Forty two patients with POAG, 26 with OHT and 30 normal subjects were enrolled in the study. A complete ophthalmic examination including assessment of refractive error, slitlamp evaluation, applanation tonometry, gonioscopy, and stereo-disc evaluation with Volk 78 D lens was carried out in all subjects.

All patients underwent keratometry, axial length determination by A-scan biometry and automated perimetry with the Humphrey visual field analyser using 30-2 program, and the disc photography with Nidek 3dx NM. In 23 eyes disc photography was done with the Zeiss fundus camera. Only one randomly chosen eye of each subject was included in the study.

POAG was defined as glaucomatous disc and visual field changes with raised or normal IOP and open angles. OHT was defined as IOP of more than 21 mm Hg on applanation tonometry with normal visual field and disc morphology. Normal controls had normal discs, normal visual fields, and intraocular pressure of 21 mm Hg.
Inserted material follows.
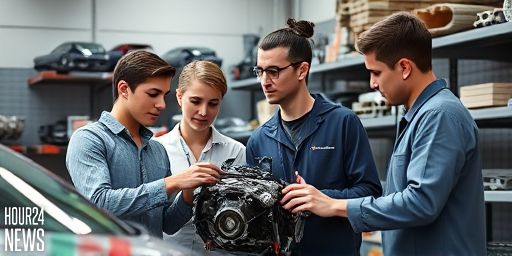 Toyota Among Vehicles Most Vulnerable to Counterfeit Parts in Kenya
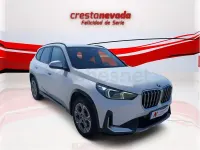 Usado BMW X1 Comfort Edition 150 CV (110 kW) 2022 Blanco SUV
The optic disc image obtained on a 35 mm colour slide was digitised using a Nikon coolscan. Planimetry was carried out using software developed by us which included Littmann correction. The magnification factor for the Nidek camera was taken as 2.6 and that for the Ziess camera was 1.37. The q value was determined from the axial length or corneal curvature, and the refractive error by a regression equation from the graphs provided by Littmann.[12] This is a measure of the magnification of the retinal image produced by the optics of the eye. The horizontal and the vertical diameters were measured. The optic disc margin was manually outlined by a series of straight lines joining each other in a polygon. The area of the polygon was calculated as the sum of the areas of the constituent triangles. The mean and standard deviation of each of these parameters for the three groups were compared by Analysis of Variance (ANOVA).


  Results Top


The mean, standard deviation and 95% confidence limits of the vertical and horizontal disc diameters and the disc area are shown in [Table - 1]. The ANOVA shows the difference in all the parameters for the three groups to be significant. The post-hoc analysis following the ANOVA revealed that for the disc area the difference between OHT and POAG as well as normal subjects was significant at p<0.0001. The horizontal disc diameter was significantly smaller in OHT as compared to both FOAG (p<0.0036) and normal subjects (p<0.0001). Similarly, the vertical disc diameter also was significantly smaller in OHT as compared to POAG (p<0.014) and normal subjects (p<0.0003). There was no statistically significant difference for any of the parameters between the POAG and normal subjects.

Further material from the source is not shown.